2. Only One FKM Polymer.

Chemours offer at least 25 different FKM polymers.  These polymers differ in fluorine content, viscosity and curing method. Typically, the higher the fluorine content, the better chemical resistance. Lower viscosity polymers are used for extrusions or to help mold flow for complex part configurations.  Curing mechanisms can help with specific properties. For example, Bisphenol-cured polymers give better compression set resistance and Peroxide-cured compounds can provide chemical resistance.

Typical examples of Viton™ polymers:

Viton A-401C – This is a polymer that is bisphenol-cured, and the cure is already incorporated into the polymer when sold.

Viton B-600 – B type polymers have higher fluorine content than A types. Higher fluorine content typically adds more chemical resistance to the rubber compound.

Viton GF-600S – Considered an APA polymer, this is high fluorine and peroxide-cured.  F type polymers have even more fluorine content than B types.
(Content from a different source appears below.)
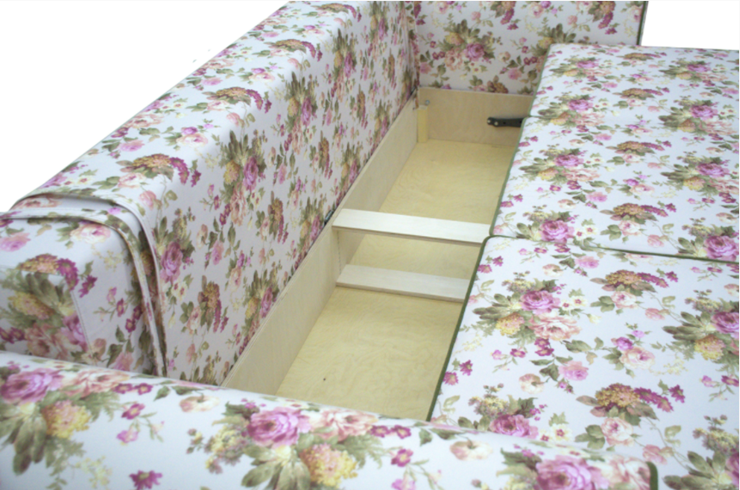 Прямой диван Ameli (Arcadia rose+shaggy green+glance bone) в Нижнем Новгороде - изображение 5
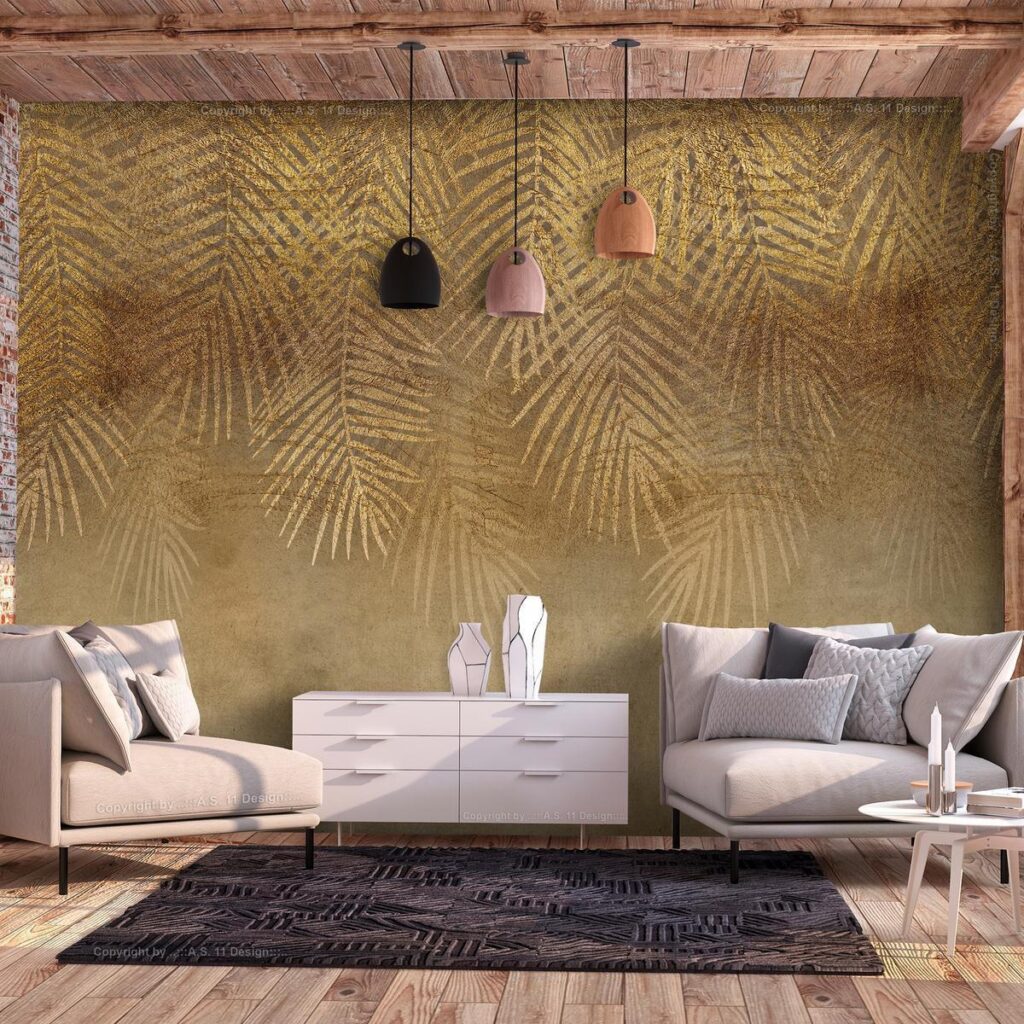 Fotobehang - Abstract nature in beige - composition with golden exotic leaves - Afbeelding 2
Viton GFLT-600S – Considered for lower temperature performance, this polymer is high fluorine, low temperature and peroxide-cured.

Viton Extreme ETP-600S – A relatively new polymer that provides the highest level of fluorine and the maximum chemical resistance. Can compete with some Kelrez™ or FFKM polymers in specific chemical exposure applications. It is more expensive than standard compounds, but a lot cheaper than FFKM compounds.
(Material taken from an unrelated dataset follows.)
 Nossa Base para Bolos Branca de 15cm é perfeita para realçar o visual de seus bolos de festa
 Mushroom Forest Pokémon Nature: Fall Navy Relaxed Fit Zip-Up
Each FKM supplier sells a competing polymer base or has additional performing alternatives.  Some are better for low temperature and some have better base resistance. We don’t recommend calling out polymers on part specifications because polymers on prints limit the molder.  We have seen customers call out Viton™ A-401C on rubber part prints and many compounders will use a non-incorporated cure polymer and add the cure themselves. Customers will still get the same compound performance, but without limitation.  Also, the polymer is only one component of an FKM compound. Filler and processing aids still constitute a significant portion of the rubber compound. Giving actual physical requirements will better maintain customer part requirements.
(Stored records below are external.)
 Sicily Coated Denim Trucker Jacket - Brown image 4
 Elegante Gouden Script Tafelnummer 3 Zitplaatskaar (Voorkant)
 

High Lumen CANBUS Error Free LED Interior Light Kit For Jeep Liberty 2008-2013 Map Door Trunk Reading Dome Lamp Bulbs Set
3. FKM polymers can go down to -60’C.

One of the downsides of using FKM rubber is the lack of low-temperature performance.  Many polymer suppliers will use standard FKM polymers, which can be used down to -25°C, while low-temperature polymers can work down to -40°C.  Low-temperature performance really should be evaluated by users based on the application of the seal. FKM compounds will perform better in static applications at low temperature, compared to dynamic applications.  The material will harden as the temperature lowers, thus affecting seal deformation and possible leakage. Tolerance stack up becomes very important in assuring there is still sufficient compression on the seal for sealing in lower temperatures. The use of lower temperature polymers can significantly increase the price of the part. 3M markets a polymer that has a Glass Transition (Tg) at -40°C, Dyneon™ LTFE 6400X. This polymer can perform at -60°C depending on the application.

4. Lower than 55 Durometer

We see many requests for quotes of FKM compounds lower than 55 Shore A durometer.  Standard compounding for FKM polymers is polymer, carbon black or white filler, curative and processing aid.  With just 3 phr carbon black, the durometer is 50 to 55. Carbon black or white fillers are needed to give physical properties to the rubber compound. Therefore, the only way to make it softer would be to add oils or other processing aids, which would significantly affect the integrity of the FKM rubber compound. Cheap oils could extract out when exposed to chemicals and solvents. Oils frequently burn off when exposed to high heat. Both of these factors are typical reasons for using FKM rubber. Our range for FKM compounds is 55 to 90 durometer. Standard compounds run 55, 65, 75 and 90, all +/- 5 Shore A durometer points.

FKM elastomers have many uses in various different part configurations, such as O-rings, U-cups, Lip Seals and gaskets. Post-curing compounds produce a Low Outgassing compound for aerospace applications. Low compression set gives long service life, improving automotive seals. Peroxide-cured compounds give improved steam resistance for food processing applications. Working with your seal provider can help you achieve the correct compound without limiting your compounders choices.